Subrata Roy: Over ₹ 25,000 crore of funds collected by Sahara Group companies through Optionally Fully Convertible Bonds (OFCDs) remain unclaimed with the Securities and Exchange Board of India (Sebi). The funds were ordered to be refunded to investors by the Supreme Court in 2012, but only a small portion has been claimed so far.
The Regulatory Battleground
Subrata Roy, aged 75, succumbed to a prolonged illness in Mumbai on Tuesday night. His legacy was intertwined with regulatory and legal confrontations related to Sahara Group firms accused of regulatory breaches through Ponzi schemes—a charge steadfastly denied by the conglomerate.

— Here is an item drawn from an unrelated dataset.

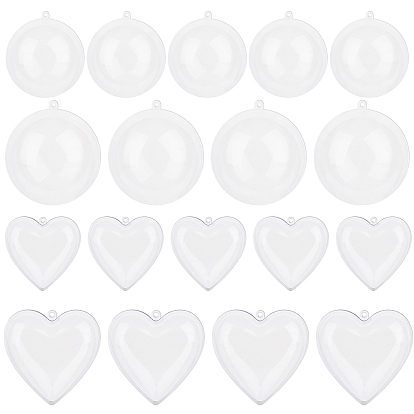 Transparent Plastic Big Pendants, Heart & Round
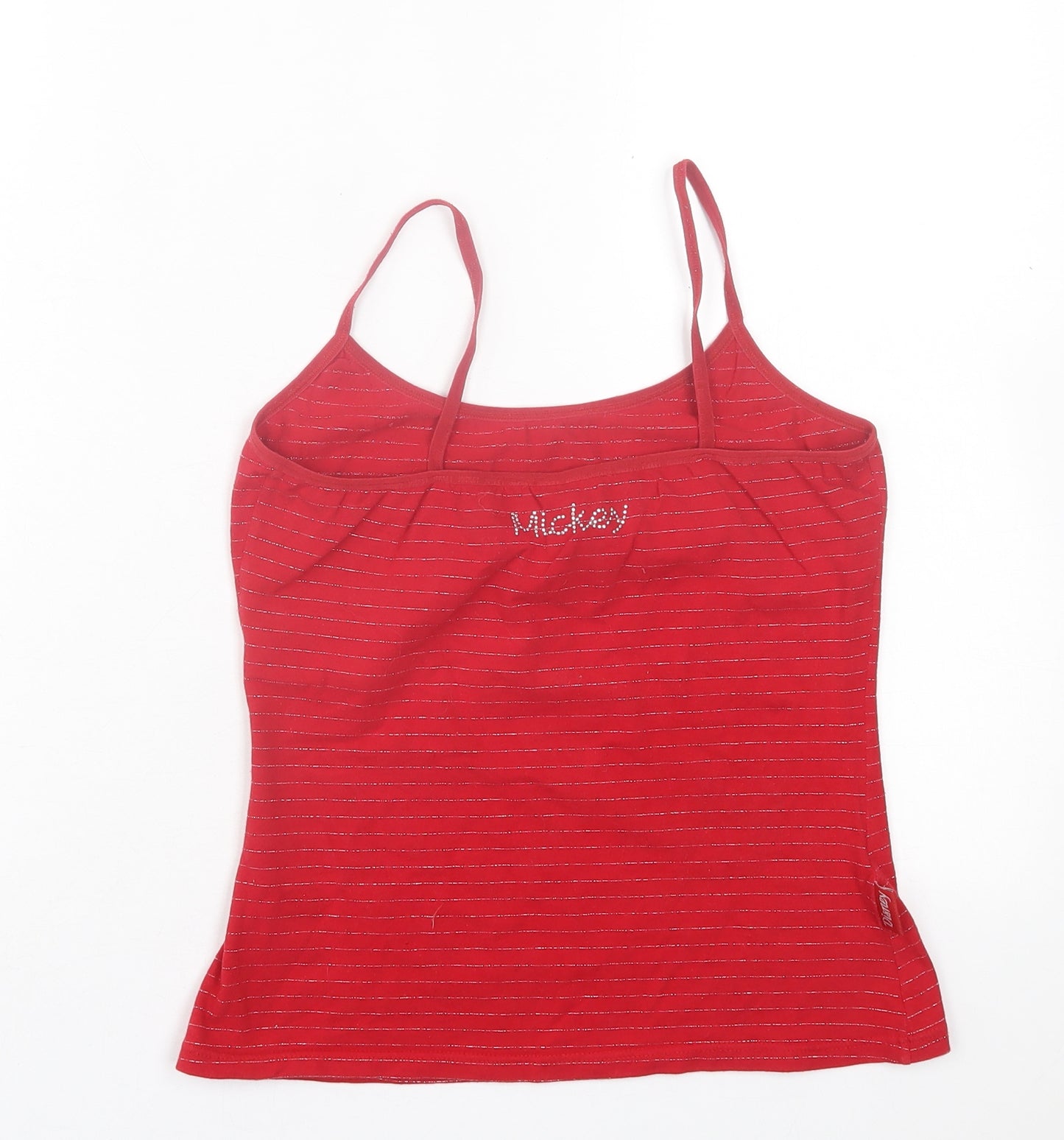 George Womens Red Striped Cotton Basic Tank Size 12 Scoop Neck - Mickey Mouse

Sebi’s Verdict and Legal Odyssey
In 2011, Sebi directed Sahara India Real Estate Corporation Ltd (SIREL) and Sahara Housing Investment Corporation Ltd (SHICL) to refund funds raised from approximately 3 crore investors through Optionally Fully Convertible Bonds (OFCDs). Despite a protracted legal battle, the Supreme Court, on August 31, 2012, upheld Sebi’s directive, mandating the refund with 15% interest.
Sebi’s Refund Endeavors
Sebi, in line with the Supreme Court‘s orders, compelled Sahara to deposit an estimated ₹24,000 crore for further investor refunds. However, Sahara contends that it has already directly refunded over 95% of the investors. Sebi’s latest annual report reveals that ₹138.07 crore has been issued in refunds over 11 years, with the balance in Sebi-Sahara refund accounts surpassing ₹25,000 crore.

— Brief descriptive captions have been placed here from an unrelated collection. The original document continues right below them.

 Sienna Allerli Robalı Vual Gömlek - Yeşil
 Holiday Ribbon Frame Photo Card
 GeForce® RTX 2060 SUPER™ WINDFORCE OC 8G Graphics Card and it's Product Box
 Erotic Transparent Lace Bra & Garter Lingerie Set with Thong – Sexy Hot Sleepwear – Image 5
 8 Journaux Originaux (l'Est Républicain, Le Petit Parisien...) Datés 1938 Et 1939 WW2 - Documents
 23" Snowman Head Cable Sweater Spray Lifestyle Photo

Challenges in Refund Process
Despite Sebi’s efforts, the total amount refunded witnessed a marginal increase, highlighting challenges in the absence of claims from the majority of bondholders. As of March 31, 2023, Sebi received 19,650 applications, with only ₹7 lakh added to the total amount refunded during fiscal year 2022-23.
Recovery Efforts and Deposits
Sebi reported that, as of March 31, 2023, it had recovered ₹15,646.68 crore under various court orders. This amount, along with accrued interest, was deposited in nationalized banks, bringing the total to ₹25,163 crore. This marks an increase from ₹24,076 crore in 2022, ₹23,191 crore in 2021, and ₹21,770.70 crore in 2020.
The government, in August, initiated the refund process of ₹5,000 crore for depositors trapped in four cooperative societies of Sahara Group. Cooperation Minister Amit Shah‘s ‘CRCS-Sahara Refund Portal’ aims to expedite returns for approximately 18 lakh registered depositors within 9 months.